All accounting systems start and end with your fiscal year. A fiscal year is the 365-day period that you choose as an operations period as reported to the IRS. Most businesses, including personal service businesses, partnerships and sole proprietorships are required to use a calendar year for their fiscal year. This means their fiscal year and the calendar year are interchangeable, with both starting January 1 and ending on December 31st. Other businesses, concluding Limited Liability Corporations, S Corporations and retailers, can choose to alter their fiscal year because they are generally too busy at the end of the calendar year to comply with all the regulations about reporting the previous 4th quarter’s income, which may not be summarized until the following January.

Common Small Business Accounting Systems

Manual systems are expected to record and summarize all the transactions a business does over the course of a year, including disbursements, receipts, accounts payable and receivable, equipment depreciation, accrued taxes and accrued payroll. These summaries are necessary to complete required tax filings as directed by the IRS, no matter if you use a simplified Schedule C Form 1040 or more complicated tax reporting as required by larger companies and corporations.
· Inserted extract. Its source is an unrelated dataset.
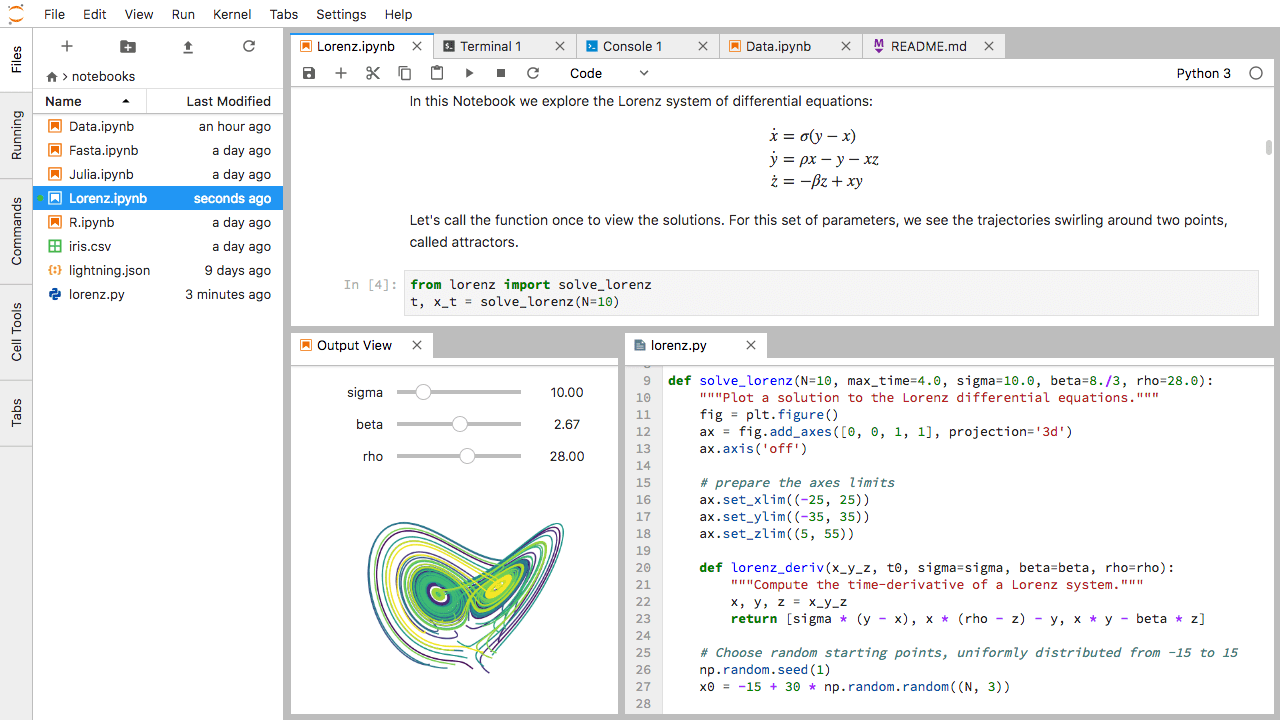 Multi-panel JupyterLab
All accounting systems break down into four different types:

Double-entry

This systems offers a simple balance sheet. For every entry made on the expense or debit side of the column, an offsetting credit entry must be recorded on the income side. Every negative must be balanced by a positive, and debit must be offset by credits. Everything is in balance.

Single-entry

This system used single debit entries that are not balanced by credits. Checkbooks and cash register tapes fall into this category, as do simple expense logs

Cash-basis

This system records income at the time it’s received, while expense are deducted when they are paid. While this is an easier system to use, favored by sole proprietors, it provides less information useful to managing your business or make forecasts.

Accrual-based

This system records income when it’s earned, which means that it’s recorded even if the cash for the sale has not yet been received. Expenses are deducted as they occur, also not tied to an exchange of cash for vendor bills which can be paid at the end of the month. This systems is required by the IRS for all businesses that have an inventory.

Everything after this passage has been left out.